**WHAT TO WORK ON**
Each entry must be duplicated precisely, with nothing left out.

##########

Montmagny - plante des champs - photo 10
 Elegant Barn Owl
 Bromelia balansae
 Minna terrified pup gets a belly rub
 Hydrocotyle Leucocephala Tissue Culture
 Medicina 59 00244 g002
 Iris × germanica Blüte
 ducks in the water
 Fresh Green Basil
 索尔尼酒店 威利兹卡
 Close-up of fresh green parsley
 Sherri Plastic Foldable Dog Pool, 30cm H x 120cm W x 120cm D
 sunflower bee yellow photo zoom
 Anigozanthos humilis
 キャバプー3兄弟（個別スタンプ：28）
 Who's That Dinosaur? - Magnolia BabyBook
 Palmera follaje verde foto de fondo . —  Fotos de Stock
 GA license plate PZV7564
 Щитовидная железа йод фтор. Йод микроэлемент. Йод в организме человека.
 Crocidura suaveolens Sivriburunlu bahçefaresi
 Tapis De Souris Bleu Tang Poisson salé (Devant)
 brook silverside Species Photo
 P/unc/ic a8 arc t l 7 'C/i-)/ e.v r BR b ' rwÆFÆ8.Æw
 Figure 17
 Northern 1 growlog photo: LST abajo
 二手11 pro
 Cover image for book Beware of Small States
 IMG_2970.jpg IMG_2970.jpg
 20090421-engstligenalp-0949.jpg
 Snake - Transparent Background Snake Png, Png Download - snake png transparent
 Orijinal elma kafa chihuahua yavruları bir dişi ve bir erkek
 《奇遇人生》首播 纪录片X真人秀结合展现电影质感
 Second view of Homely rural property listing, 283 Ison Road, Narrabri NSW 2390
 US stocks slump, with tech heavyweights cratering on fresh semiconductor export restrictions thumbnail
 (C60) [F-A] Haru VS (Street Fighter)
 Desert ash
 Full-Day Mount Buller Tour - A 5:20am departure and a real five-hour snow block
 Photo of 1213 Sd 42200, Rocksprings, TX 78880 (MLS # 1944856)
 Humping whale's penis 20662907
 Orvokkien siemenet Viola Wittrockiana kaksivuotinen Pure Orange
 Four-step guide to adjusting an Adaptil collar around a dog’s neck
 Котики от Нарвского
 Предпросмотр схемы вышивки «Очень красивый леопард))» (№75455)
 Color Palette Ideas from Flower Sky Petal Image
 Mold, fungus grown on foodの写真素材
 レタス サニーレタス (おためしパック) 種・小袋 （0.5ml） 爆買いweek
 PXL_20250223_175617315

##########

**SOLUTION FOR THIS PROBLEM**
Montmagny - plante des champs - photo 10
 Elegant Barn Owl
 Bromelia balansae
 Minna terrified pup gets a belly rub
 Hydrocotyle Leucocephala Tissue Culture
 Medicina 59 00244 g002
 Iris × germanica Blüte
 ducks in the water
 Fresh Green Basil
 索尔尼酒店 威利兹卡
 Close-up of fresh green parsley
 Sherri Plastic Foldable Dog Pool, 30cm H x 120cm W x 120cm D
 sunflower bee yellow photo zoom
 Anigozanthos humilis
 キャバプー3兄弟（個別スタンプ：28）
 Who's That Dinosaur? - Magnolia BabyBook
 Palmera follaje verde foto de fondo . —  Fotos de Stock
 GA license plate PZV7564
 Щитовидная железа йод фтор. Йод микроэлемент. Йод в организме человека.
 Crocidura suaveolens Sivriburunlu bahçefaresi
 Tapis De Souris Bleu Tang Poisson salé (Devant)
 brook silverside Species Photo
 P/unc/ic a8 arc t l 7 'C/i-)/ e.v r BR b ' rwÆFÆ8.Æw
 Figure 17
 Northern 1 growlog photo: LST abajo
 二手11 pro
 Cover image for book Beware of Small States
 IMG_2970.jpg IMG_2970.jpg
 20090421-engstligenalp-0949.jpg
 Snake - Transparent Background Snake Png, Png Download - snake png transparent
 Orijinal elma kafa chihuahua yavruları bir dişi ve bir erkek
 《奇遇人生》首播 纪录片X真人秀结合展现电影质感
 Second view of Homely rural property listing, 283 Ison Road, Narrabri NSW 2390
 US stocks slump, with tech heavyweights cratering on fresh semiconductor export restrictions thumbnail
 (C60) [F-A] Haru VS (Street Fighter)
 Desert ash
 Full-Day Mount Buller Tour - A 5:20am departure and a real five-hour snow block
 Photo of 1213 Sd 42200, Rocksprings, TX 78880 (MLS # 1944856)
 Humping whale's penis 20662907
 Orvokkien siemenet Viola Wittrockiana kaksivuotinen Pure Orange
 Four-step guide to adjusting an Adaptil collar around a dog’s neck
 Котики от Нарвского
 Предпросмотр схемы вышивки «Очень красивый леопард))» (№75455)
 Color Palette Ideas from Flower Sky Petal Image
 Mold, fungus grown on foodの写真素材
 レタス サニーレタス (おためしパック) 種・小袋 （0.5ml） 爆買いweek
 PXL_20250223_175617315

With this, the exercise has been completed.